EXERCISE:
Starting at the top line, print the entries below exactly as they are and skip every picture.

___ RECORDS SHOWN ___

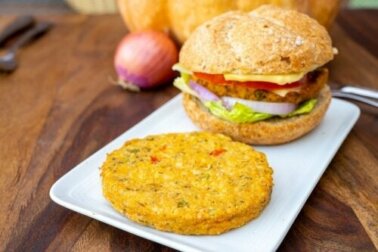 Veganer Burger mit Kürbis, Karotte und Haferflocken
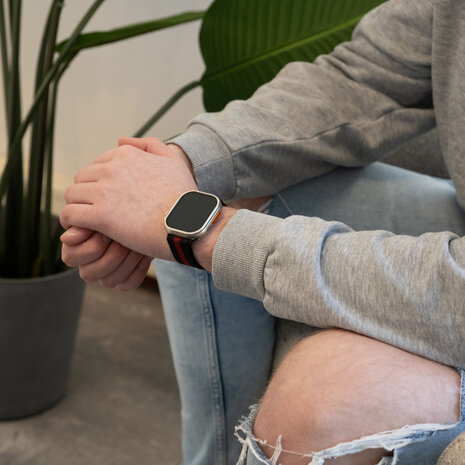 Strap-it Strap-it Bracelet Milanais Apple Watch (noir/rouge)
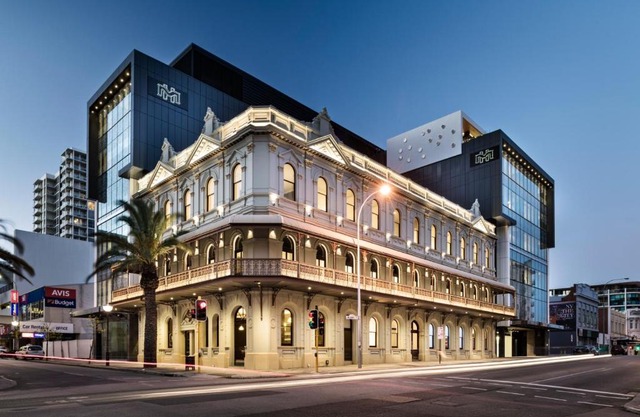 The Melbourne Hotel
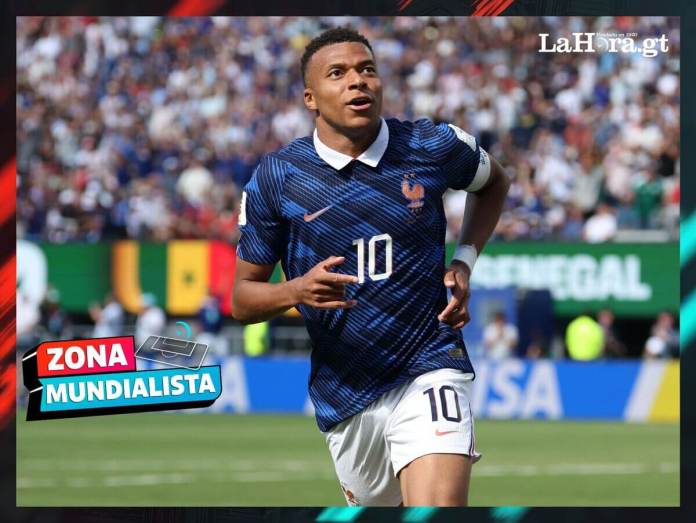 El delantero francés Kylian Mbappé, con su doblete en la victoria ante Senegal, llegó a 14 goles en Mundiales.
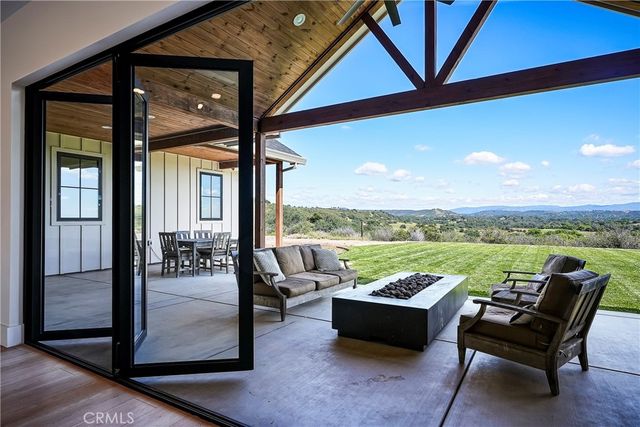 5564 Meagan Lane, Burson, CA 95225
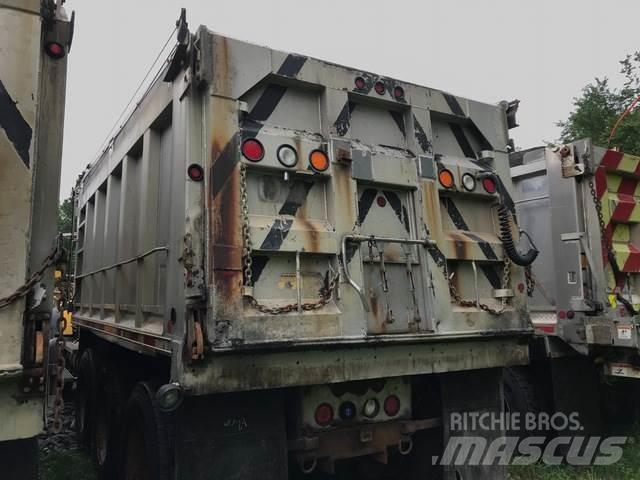Mack 700 Sneeuwschuivers en -ploegen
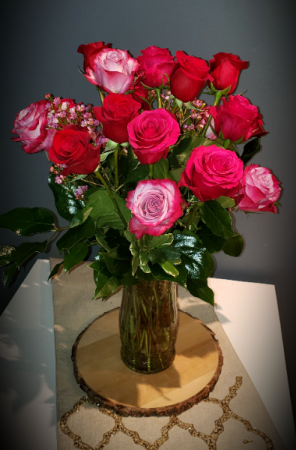 18 ROSE SPECIAL!! Vased arrangement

___

RESULT:
 Veganer Burger mit Kürbis, Karotte und Haferflocken
 Strap-it Strap-it Bracelet Milanais Apple Watch (noir/rouge)
 The Melbourne Hotel
 El delantero francés Kylian Mbappé, con su doblete en la victoria ante Senegal, llegó a 14 goles en Mundiales.
 5564 Meagan Lane, Burson, CA 95225
Mack 700 Sneeuwschuivers en -ploegen
 18 ROSE SPECIAL!! Vased arrangement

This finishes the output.